**Exercise goal**
Please set down every line of the records below exactly, without the pictures.
----
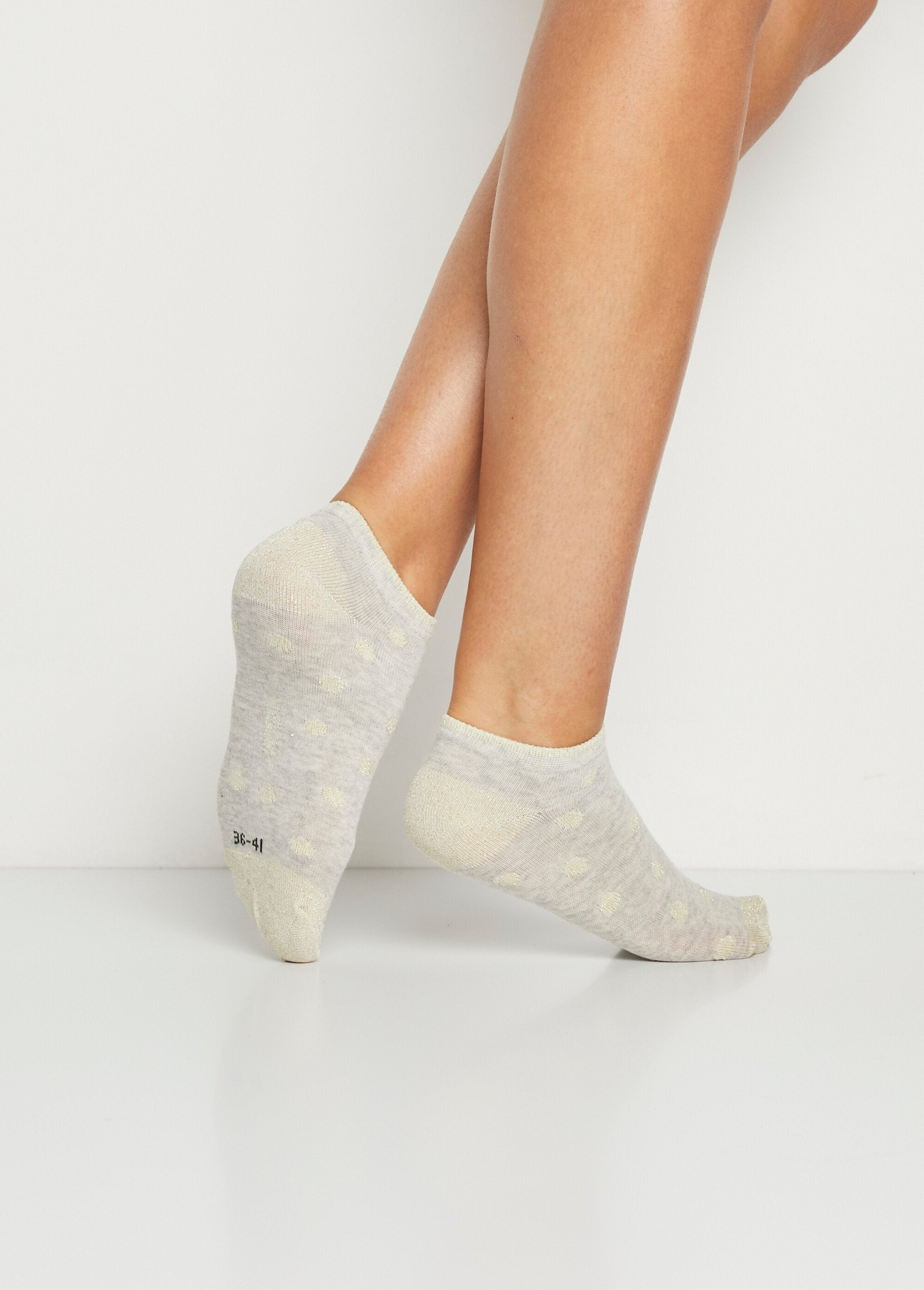 Calcetines_discretos_con_lurex_Lote_surtido_de_grises_3_DO1_slim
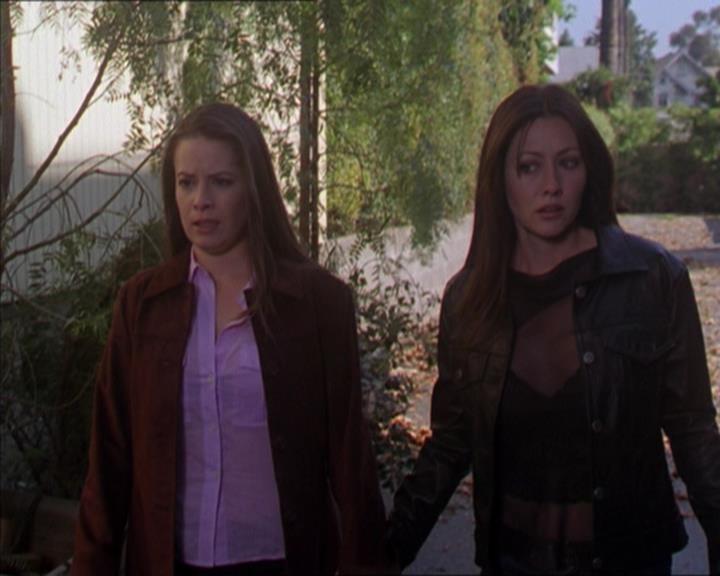 Charmed-Online-dot-322AllHellBreaksLoose0226.jpg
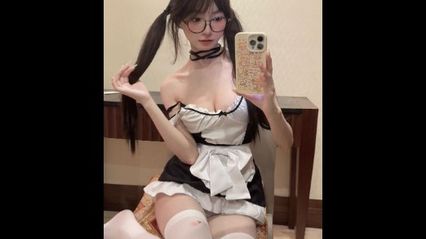 The super-cute Lori Fuli Ji, pretending to be a female S, was instead set up by a man, was frantically set up by the host to insert and shoot, and also played 3P with the gold owner.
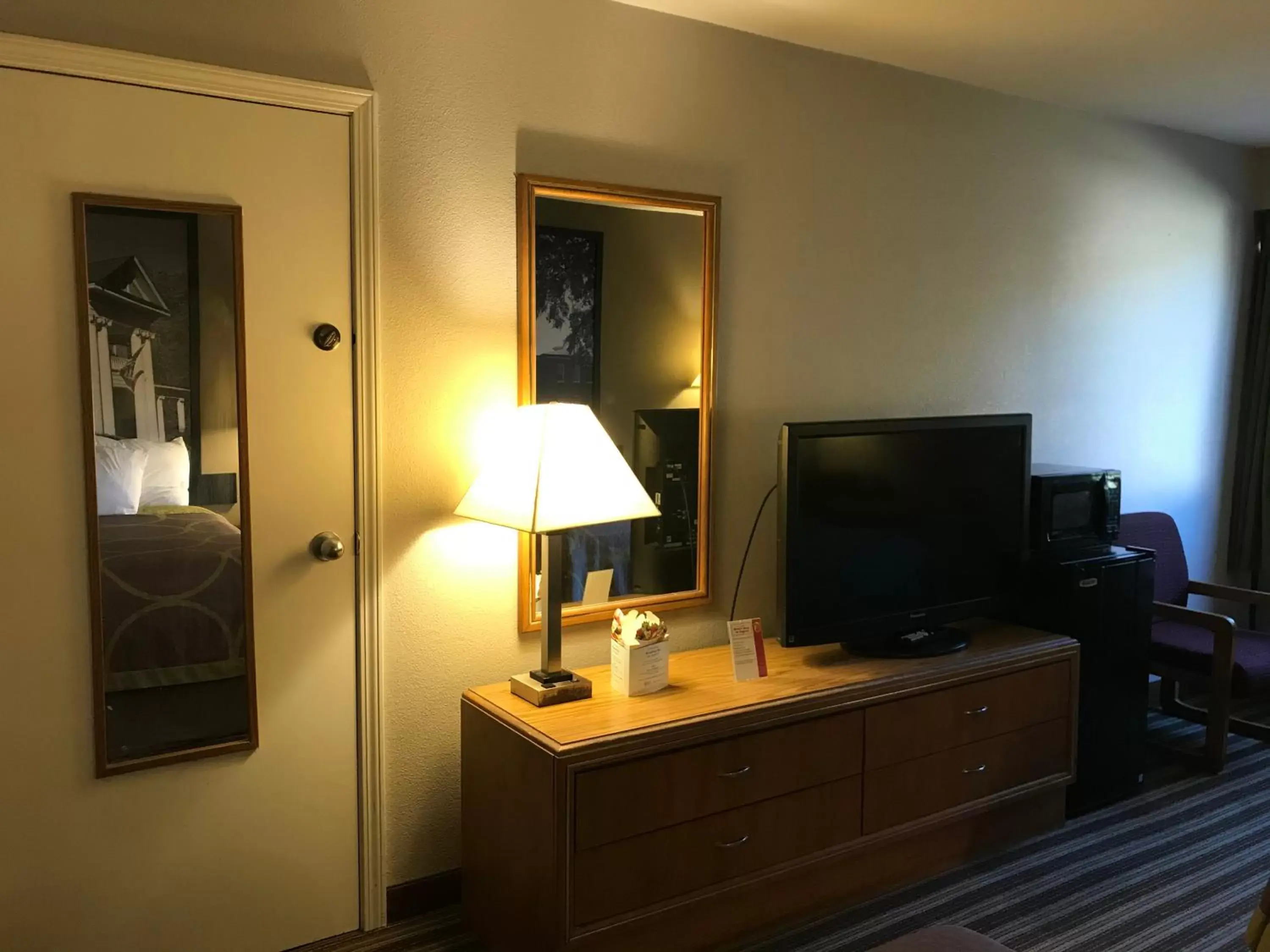 Bedroom, TV/Entertainment Center in Super 8 by Wyndham Oxford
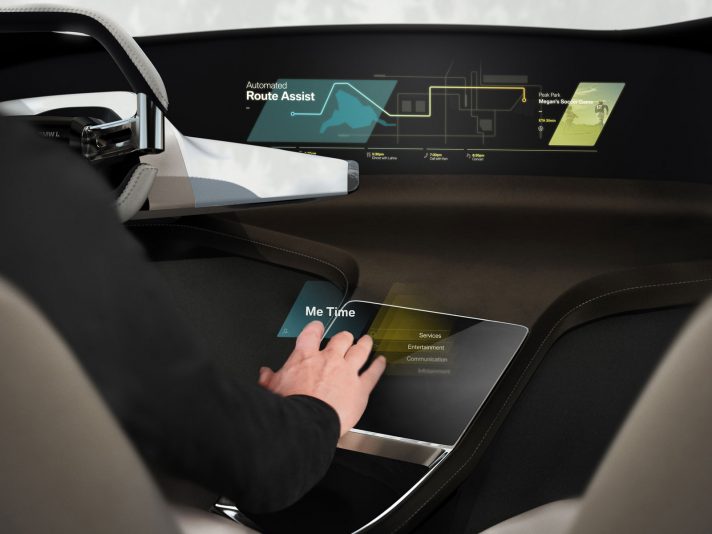 BMW HoloActive Touch 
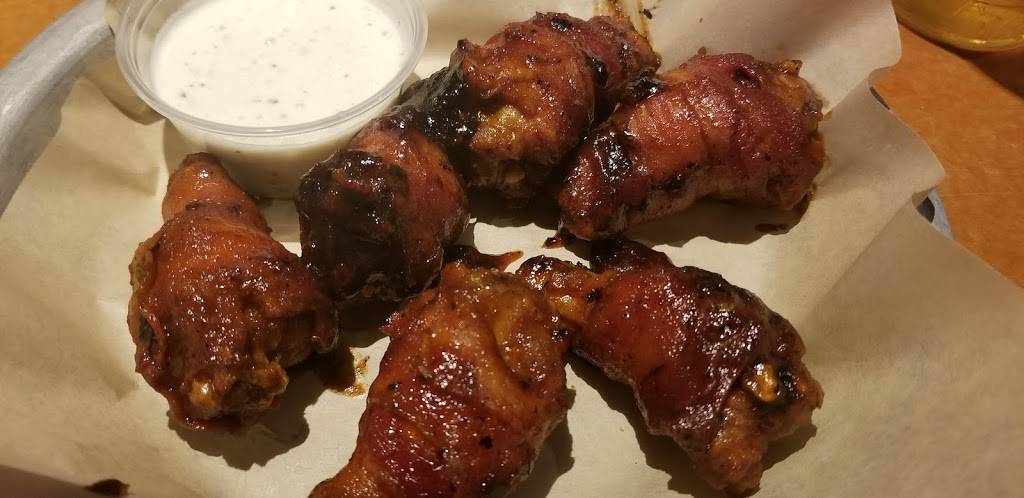 Hooters | meal takeaway | 25 W Georgia St, Indianapolis, IN 46225, USA | 3172679637 OR +1 317-267-9637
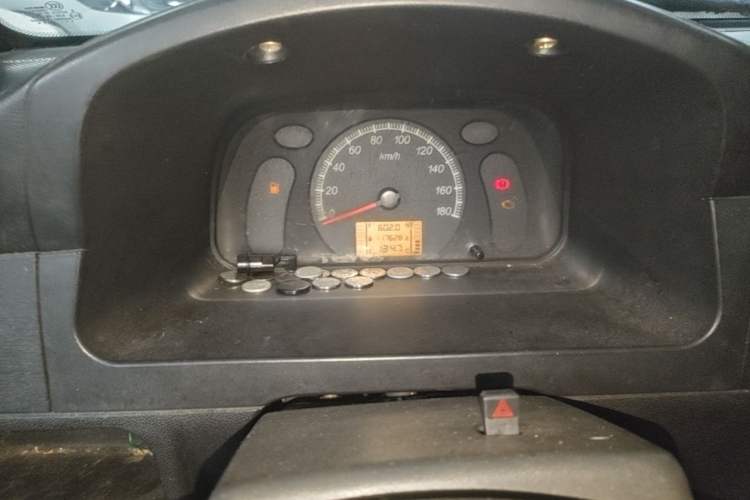 Used Wuling Zhiguang 2013 1.0L Practical Version Instrument Cluster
----
**Expected answer**
 Calcetines_discretos_con_lurex_Lote_surtido_de_grises_3_DO1_slim
 Charmed-Online-dot-322AllHellBreaksLoose0226.jpg
 The super-cute Lori Fuli Ji, pretending to be a female S, was instead set up by a man, was frantically set up by the host to insert and shoot, and also played 3P with the gold owner.
 Bedroom, TV/Entertainment Center in Super 8 by Wyndham Oxford
 BMW HoloActive Touch 
 Hooters | meal takeaway | 25 W Georgia St, Indianapolis, IN 46225, USA | 3172679637 OR +1 317-267-9637
 Used Wuling Zhiguang 2013 1.0L Practical Version Instrument Cluster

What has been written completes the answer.